* [Task objective]
Copy the line with "Faster Stronger Vegan: Vega" and all lines following it through the last line of the entries, exactly as written.

[Data extract — start]

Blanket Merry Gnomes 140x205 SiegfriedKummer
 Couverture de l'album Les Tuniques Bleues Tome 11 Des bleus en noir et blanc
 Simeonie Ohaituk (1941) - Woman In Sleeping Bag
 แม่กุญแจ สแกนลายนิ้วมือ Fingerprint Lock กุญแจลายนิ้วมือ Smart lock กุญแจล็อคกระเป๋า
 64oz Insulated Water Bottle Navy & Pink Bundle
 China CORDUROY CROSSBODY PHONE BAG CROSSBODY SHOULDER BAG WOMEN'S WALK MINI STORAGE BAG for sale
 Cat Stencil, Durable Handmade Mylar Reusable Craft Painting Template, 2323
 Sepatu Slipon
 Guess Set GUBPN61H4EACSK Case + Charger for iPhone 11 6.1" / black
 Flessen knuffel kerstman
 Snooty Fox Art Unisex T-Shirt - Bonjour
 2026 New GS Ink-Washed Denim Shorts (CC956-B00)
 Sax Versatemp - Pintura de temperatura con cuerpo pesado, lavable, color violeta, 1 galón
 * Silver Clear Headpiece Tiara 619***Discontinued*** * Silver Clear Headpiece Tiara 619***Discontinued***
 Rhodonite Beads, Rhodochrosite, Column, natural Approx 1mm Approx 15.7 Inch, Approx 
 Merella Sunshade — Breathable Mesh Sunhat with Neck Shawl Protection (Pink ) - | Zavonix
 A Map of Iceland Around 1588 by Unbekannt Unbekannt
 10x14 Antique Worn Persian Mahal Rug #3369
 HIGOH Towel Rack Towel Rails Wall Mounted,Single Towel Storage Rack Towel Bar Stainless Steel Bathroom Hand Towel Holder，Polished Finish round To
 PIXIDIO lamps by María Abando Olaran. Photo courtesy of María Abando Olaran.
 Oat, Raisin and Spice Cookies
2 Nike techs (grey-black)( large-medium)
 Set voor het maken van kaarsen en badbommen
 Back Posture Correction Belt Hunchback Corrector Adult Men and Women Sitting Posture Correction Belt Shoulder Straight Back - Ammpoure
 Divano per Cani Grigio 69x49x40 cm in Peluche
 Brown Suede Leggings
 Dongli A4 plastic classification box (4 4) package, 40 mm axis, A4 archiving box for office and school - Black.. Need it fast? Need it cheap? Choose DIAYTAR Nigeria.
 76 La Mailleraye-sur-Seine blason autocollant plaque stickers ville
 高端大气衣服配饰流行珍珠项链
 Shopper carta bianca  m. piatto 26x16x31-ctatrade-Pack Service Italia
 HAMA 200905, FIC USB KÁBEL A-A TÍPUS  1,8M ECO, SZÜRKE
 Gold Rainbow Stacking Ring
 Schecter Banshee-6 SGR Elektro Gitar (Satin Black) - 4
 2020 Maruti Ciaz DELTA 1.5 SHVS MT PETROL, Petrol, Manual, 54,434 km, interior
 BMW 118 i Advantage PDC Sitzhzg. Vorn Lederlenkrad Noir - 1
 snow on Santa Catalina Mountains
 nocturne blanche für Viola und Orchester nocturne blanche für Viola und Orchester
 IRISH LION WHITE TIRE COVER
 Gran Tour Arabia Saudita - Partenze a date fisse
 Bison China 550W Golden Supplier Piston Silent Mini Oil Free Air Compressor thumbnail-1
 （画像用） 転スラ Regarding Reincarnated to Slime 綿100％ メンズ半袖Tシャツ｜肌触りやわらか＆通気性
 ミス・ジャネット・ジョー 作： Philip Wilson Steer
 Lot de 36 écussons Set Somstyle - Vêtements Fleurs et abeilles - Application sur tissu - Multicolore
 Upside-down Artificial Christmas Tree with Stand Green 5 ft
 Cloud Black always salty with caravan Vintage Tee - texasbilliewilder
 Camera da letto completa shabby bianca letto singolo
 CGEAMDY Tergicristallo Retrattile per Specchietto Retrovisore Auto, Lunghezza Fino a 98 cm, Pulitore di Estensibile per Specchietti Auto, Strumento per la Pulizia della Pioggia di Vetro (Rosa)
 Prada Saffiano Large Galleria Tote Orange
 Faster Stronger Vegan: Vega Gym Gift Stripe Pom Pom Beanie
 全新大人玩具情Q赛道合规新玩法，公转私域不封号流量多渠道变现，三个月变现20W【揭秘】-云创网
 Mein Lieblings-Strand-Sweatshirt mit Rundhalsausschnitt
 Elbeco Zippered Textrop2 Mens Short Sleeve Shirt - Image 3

[Data extract — finish]

* [Exercise answer]
 Faster Stronger Vegan: Vega Gym Gift Stripe Pom Pom Beanie
 全新大人玩具情Q赛道合规新玩法，公转私域不封号流量多渠道变现，三个月变现20W【揭秘】-云创网
 Mein Lieblings-Strand-Sweatshirt mit Rundhalsausschnitt
 Elbeco Zippered Textrop2 Mens Short Sleeve Shirt - Image 3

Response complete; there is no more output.